[caption id="attachment_180675" align="aligncenter" width="640" caption="Pokok-pokok Usul Perubahan Kelima UUD 1945"][/caption] Dalam seminar sosialisasi empat pilar yang diselenggarakan atas kerjasama Ikatan Alumni Fakultas Ilmu Pengetahuan Budaya, Universitas Indonesia (Iluni FIB UI) dengan Dewan Perwakilan Daerah MPR-RI (DPD MPR-RI), Senin (7/5) di Auditorium gedung I, FIB UI, para pembicara membahas usul perubahan kelima UUD 1945 dengan pokok persoalan peran konstitusi dalam melestarikan budaya dan karakter bangsa. Fadli Zon S.S, M.Sc (Ketua Iluni FIB UI) mempresentasikan paper berjudul Pancasila dan Jati Diri Bangsa. Perumusan Pancasila begitu cepat dan telah dipersiapkan oleh Badan Penyelidik Usaha Persiapan Kemerdekaan Indonesia (BPUPKI). Pidato Bung Karno pada 1 Juni 1945 di depan sidang ini menjadi pidato penting tentang dasar negara. Kita tidak menemukan dalam konstitusi bahwa negara Indonesia itu berdemokrasi liberal, konstitusi juga bukan mengacu komunisme, padahal waktu itu marak. Indonesia bukan mengacu pada demokrasi ekonomi yang sejahtera bangsanya, tapi mengacu terhadap demokrasi politik dan ekonomiyang melahirkan demokrasi budaya. Demokrasi tolong menolong (gotong royong) dari semangat budaya yang dikemukakan Bung Karno.

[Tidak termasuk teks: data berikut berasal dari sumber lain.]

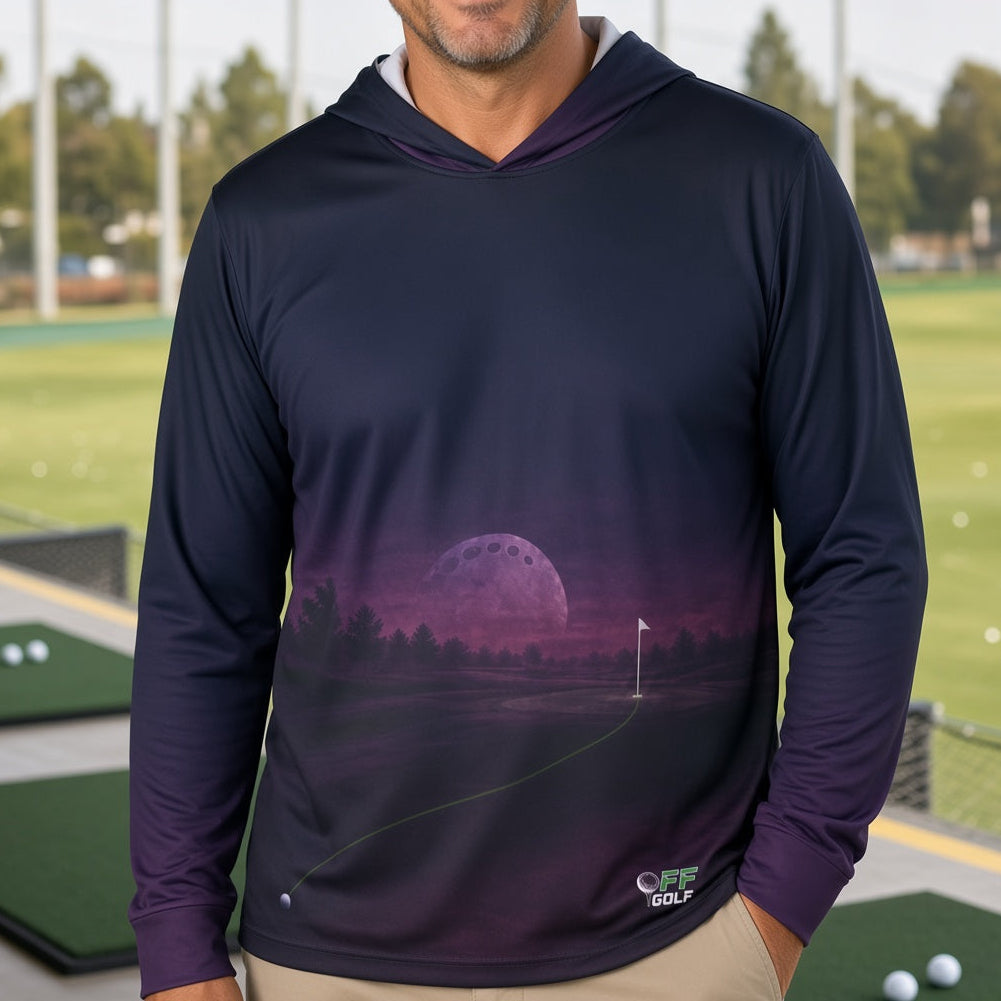 A man wearing a dark navy long-sleeve hoodie with a purple and pink moon landscape graphic on the front, standing on a golf driving range.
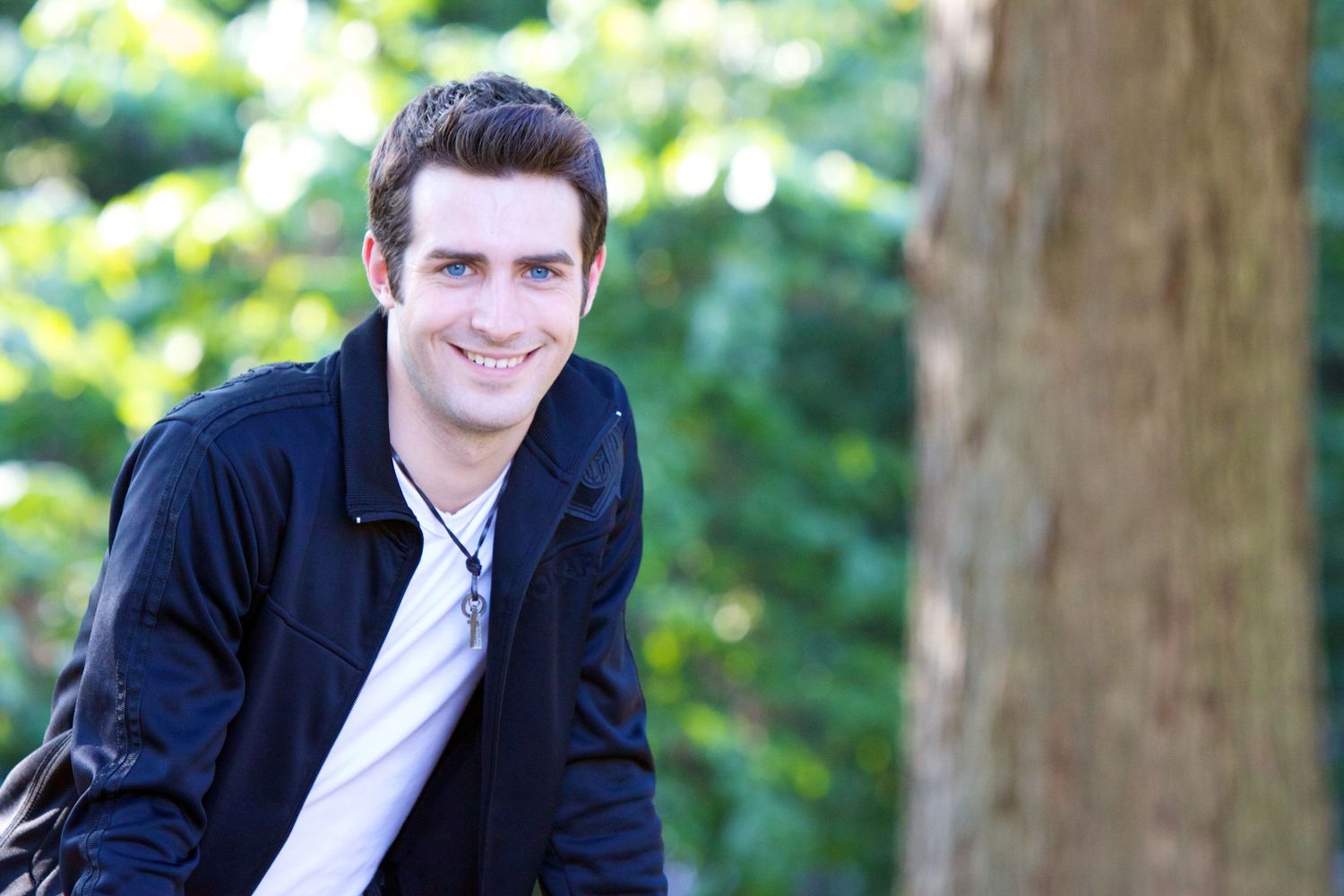 A person in a navy jacket smiles while posing outdoors against a blurred natural background.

Kenyataannya kita semakin jauh dari budaya. Amandemen merupakan keharusan sejarah, lalu bagaimana proses amandemen yang telah dijalankan sekarang? Ketika proses amandemen UUD 1945 hingga empat kali perubahan (1999, 2000, 2001, 2002), semangat reformasi seolah-olah liberalisme dalam bidang politik dan ekonomi sehingga demokrasi kita lebih liberal daripada Amerika Serikat. Demokrasi yang diharapkan yakni demokrasi perwakilan, namun disebabkan ada amandemen, menjadi demokrasi langsung.
Kini semangat budaya gotong royong sudah tidak ada lagi karena konstitusi kita diamandemen secara liberal. Usul amandemen UUD 1945 kelima untuk memperbaiki juga melengkapi amandemen I sampai amandemen ke-IV sehingga akar gotong royong tidak tercerabut.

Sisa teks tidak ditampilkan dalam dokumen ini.